RECORDS PROVIDED:
◇ ◇ ◇ ◇ ◇ ◇ ◇

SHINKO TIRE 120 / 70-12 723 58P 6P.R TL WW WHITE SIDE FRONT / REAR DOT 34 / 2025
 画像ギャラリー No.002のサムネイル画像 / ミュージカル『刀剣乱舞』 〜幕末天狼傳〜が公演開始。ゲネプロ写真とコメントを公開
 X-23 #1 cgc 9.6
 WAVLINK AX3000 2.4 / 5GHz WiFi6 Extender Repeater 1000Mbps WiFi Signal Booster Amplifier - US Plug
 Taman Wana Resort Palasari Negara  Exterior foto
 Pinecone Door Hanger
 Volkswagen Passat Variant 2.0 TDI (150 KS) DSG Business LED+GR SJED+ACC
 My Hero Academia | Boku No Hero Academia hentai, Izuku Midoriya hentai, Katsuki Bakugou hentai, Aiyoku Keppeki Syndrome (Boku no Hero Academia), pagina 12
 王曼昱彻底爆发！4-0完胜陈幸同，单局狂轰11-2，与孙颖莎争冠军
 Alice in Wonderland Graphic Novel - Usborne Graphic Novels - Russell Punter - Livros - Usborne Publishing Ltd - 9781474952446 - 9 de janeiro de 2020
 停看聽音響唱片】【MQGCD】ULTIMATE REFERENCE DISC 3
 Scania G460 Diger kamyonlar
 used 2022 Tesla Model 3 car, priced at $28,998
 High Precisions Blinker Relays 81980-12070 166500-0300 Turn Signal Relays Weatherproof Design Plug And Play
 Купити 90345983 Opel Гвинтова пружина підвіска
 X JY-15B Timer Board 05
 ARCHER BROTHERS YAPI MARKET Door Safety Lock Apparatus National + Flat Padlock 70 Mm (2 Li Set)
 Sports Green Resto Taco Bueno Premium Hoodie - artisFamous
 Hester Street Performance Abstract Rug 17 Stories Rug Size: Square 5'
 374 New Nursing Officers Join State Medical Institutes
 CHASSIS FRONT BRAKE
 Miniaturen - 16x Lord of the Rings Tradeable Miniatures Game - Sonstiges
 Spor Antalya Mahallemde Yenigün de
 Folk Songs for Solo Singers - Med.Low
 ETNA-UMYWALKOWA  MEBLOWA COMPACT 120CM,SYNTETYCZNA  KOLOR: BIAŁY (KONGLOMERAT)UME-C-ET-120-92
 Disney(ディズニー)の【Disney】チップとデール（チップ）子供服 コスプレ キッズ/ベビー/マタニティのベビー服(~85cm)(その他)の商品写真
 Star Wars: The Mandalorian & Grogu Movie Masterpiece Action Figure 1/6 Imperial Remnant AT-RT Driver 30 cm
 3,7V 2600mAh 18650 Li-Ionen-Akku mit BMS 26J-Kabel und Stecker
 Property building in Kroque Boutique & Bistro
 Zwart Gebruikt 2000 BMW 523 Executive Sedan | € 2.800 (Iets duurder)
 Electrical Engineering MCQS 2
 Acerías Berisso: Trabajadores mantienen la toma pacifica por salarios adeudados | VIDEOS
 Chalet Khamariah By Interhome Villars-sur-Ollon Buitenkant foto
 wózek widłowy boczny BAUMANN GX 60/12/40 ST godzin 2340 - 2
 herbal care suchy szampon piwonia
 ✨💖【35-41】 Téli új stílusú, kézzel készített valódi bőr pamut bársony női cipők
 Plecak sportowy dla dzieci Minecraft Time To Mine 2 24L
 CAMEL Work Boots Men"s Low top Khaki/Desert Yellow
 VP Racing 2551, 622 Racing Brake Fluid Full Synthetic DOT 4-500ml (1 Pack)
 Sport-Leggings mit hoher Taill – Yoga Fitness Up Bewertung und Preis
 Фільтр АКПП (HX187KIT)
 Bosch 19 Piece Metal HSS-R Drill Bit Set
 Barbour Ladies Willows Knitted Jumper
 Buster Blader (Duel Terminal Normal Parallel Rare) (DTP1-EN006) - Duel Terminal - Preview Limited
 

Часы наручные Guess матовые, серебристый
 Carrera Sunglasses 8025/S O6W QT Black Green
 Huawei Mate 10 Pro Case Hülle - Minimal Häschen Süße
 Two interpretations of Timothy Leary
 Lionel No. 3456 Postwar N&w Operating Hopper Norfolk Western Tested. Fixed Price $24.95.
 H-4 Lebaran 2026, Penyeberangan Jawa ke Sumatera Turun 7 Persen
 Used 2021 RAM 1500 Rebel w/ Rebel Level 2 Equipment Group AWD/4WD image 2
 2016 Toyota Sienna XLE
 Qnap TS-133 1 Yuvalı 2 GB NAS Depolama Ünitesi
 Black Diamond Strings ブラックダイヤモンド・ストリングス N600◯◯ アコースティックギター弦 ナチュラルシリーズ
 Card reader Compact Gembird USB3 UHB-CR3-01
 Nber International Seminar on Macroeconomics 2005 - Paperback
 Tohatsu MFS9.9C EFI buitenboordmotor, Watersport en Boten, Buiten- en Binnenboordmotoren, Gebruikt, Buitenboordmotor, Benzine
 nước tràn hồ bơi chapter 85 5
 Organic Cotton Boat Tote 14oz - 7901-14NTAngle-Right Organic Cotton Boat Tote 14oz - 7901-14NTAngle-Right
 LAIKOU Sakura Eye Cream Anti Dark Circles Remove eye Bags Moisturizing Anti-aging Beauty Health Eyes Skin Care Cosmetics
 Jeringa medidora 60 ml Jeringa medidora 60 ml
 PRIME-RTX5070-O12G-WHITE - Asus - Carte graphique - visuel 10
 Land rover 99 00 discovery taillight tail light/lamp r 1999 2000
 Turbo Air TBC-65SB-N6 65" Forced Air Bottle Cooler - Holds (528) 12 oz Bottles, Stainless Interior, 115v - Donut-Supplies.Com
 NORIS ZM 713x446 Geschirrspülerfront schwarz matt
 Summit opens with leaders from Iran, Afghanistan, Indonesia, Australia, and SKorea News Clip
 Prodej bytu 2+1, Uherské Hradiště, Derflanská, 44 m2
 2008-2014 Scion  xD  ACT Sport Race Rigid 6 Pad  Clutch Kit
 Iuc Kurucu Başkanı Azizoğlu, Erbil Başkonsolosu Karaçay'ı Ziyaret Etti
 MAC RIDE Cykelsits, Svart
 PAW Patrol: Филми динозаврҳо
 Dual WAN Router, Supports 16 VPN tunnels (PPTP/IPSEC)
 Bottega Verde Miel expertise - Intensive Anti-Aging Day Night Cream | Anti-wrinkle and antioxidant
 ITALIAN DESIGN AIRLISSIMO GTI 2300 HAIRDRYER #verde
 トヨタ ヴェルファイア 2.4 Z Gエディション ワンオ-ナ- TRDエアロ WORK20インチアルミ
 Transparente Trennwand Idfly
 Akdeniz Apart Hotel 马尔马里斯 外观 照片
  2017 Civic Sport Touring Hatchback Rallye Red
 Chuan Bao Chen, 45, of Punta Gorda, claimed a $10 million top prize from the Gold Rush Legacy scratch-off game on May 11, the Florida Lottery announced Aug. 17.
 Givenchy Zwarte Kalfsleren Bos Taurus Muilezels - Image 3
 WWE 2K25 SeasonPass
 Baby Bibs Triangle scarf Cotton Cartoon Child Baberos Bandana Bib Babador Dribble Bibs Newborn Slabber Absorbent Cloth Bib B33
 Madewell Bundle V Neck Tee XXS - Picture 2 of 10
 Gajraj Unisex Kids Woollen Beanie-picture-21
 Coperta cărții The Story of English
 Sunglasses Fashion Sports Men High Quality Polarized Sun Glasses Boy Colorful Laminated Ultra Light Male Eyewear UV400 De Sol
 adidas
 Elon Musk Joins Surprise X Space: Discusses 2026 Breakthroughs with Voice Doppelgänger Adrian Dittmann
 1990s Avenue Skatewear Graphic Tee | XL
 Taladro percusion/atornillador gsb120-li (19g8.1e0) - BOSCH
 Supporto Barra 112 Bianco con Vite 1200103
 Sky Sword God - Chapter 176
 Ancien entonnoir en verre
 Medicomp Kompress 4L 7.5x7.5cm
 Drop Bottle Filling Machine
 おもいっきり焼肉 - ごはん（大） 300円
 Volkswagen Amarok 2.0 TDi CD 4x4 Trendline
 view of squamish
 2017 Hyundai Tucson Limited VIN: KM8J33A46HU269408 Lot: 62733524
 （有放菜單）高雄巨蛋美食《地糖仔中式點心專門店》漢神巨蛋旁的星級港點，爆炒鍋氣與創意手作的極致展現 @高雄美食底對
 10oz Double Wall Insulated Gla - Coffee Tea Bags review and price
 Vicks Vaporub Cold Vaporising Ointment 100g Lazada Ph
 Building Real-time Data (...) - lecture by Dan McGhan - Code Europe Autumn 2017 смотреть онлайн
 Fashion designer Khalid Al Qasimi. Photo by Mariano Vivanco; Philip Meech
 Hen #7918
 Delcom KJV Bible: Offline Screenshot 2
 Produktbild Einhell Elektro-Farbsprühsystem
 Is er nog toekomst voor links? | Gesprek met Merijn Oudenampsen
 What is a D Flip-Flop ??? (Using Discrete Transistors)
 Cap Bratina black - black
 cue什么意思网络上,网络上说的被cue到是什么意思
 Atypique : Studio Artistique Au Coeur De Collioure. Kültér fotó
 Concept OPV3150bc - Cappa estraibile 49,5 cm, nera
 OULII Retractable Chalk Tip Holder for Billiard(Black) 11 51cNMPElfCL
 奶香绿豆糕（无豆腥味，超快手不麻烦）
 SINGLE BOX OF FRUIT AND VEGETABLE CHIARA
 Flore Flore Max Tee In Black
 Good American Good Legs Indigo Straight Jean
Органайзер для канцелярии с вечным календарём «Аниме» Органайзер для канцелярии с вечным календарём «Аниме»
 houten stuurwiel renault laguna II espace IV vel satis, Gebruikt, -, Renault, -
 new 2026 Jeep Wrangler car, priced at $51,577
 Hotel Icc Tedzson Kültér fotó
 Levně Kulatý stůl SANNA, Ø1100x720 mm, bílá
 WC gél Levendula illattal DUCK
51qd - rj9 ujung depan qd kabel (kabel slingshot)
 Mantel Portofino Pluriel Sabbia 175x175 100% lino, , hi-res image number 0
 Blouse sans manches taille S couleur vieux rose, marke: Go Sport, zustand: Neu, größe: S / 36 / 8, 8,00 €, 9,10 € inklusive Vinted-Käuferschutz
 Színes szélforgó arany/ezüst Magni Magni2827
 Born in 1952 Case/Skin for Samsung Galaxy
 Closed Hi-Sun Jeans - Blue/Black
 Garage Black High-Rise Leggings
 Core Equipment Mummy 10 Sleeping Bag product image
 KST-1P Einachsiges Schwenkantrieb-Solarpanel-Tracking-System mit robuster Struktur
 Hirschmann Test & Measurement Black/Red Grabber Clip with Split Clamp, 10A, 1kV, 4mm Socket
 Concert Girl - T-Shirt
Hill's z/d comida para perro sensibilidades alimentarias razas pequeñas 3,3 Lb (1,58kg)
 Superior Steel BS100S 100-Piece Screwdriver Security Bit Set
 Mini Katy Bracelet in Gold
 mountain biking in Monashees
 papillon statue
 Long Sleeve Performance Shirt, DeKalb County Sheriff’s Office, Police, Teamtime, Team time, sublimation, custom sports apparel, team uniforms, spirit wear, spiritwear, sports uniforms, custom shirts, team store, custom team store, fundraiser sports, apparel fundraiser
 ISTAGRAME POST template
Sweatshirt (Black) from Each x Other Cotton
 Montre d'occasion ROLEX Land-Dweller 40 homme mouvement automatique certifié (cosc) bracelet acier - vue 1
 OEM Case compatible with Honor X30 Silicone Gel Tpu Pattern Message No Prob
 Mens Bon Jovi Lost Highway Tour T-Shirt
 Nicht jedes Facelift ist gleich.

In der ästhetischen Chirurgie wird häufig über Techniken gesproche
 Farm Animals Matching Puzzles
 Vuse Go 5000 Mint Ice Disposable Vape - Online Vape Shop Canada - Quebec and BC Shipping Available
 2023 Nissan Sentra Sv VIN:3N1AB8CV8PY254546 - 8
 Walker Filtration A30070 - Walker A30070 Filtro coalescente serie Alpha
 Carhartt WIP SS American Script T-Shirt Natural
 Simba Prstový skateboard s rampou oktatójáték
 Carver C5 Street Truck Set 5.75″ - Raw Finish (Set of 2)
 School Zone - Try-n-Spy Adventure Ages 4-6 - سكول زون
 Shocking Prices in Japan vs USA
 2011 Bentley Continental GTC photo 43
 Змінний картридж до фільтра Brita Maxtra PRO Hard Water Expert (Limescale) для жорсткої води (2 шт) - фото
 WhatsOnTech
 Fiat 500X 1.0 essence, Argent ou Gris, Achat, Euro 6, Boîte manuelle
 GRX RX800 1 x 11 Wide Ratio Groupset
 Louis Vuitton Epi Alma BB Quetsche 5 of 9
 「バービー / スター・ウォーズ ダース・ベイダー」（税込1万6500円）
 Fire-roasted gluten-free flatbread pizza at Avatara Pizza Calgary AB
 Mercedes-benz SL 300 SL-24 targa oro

◇ ◇ ◇ ◇ ◇ ◇ ◇

TASK OBJECTIVE: Begin at the top of the listing above and set down each line exactly. Stop after the line that contains "ARCHER BROTHERS YAPI".

SOLUTION:
SHINKO TIRE 120 / 70-12 723 58P 6P.R TL WW WHITE SIDE FRONT / REAR DOT 34 / 2025
 画像ギャラリー No.002のサムネイル画像 / ミュージカル『刀剣乱舞』 〜幕末天狼傳〜が公演開始。ゲネプロ写真とコメントを公開
 X-23 #1 cgc 9.6
 WAVLINK AX3000 2.4 / 5GHz WiFi6 Extender Repeater 1000Mbps WiFi Signal Booster Amplifier - US Plug
 Taman Wana Resort Palasari Negara  Exterior foto
 Pinecone Door Hanger
 Volkswagen Passat Variant 2.0 TDI (150 KS) DSG Business LED+GR SJED+ACC
 My Hero Academia | Boku No Hero Academia hentai, Izuku Midoriya hentai, Katsuki Bakugou hentai, Aiyoku Keppeki Syndrome (Boku no Hero Academia), pagina 12
 王曼昱彻底爆发！4-0完胜陈幸同，单局狂轰11-2，与孙颖莎争冠军
 Alice in Wonderland Graphic Novel - Usborne Graphic Novels - Russell Punter - Livros - Usborne Publishing Ltd - 9781474952446 - 9 de janeiro de 2020
 停看聽音響唱片】【MQGCD】ULTIMATE REFERENCE DISC 3
 Scania G460 Diger kamyonlar
 used 2022 Tesla Model 3 car, priced at $28,998
 High Precisions Blinker Relays 81980-12070 166500-0300 Turn Signal Relays Weatherproof Design Plug And Play
 Купити 90345983 Opel Гвинтова пружина підвіска
 X JY-15B Timer Board 05
 ARCHER BROTHERS YAPI MARKET Door Safety Lock Apparatus National + Flat Padlock 70 Mm (2 Li Set)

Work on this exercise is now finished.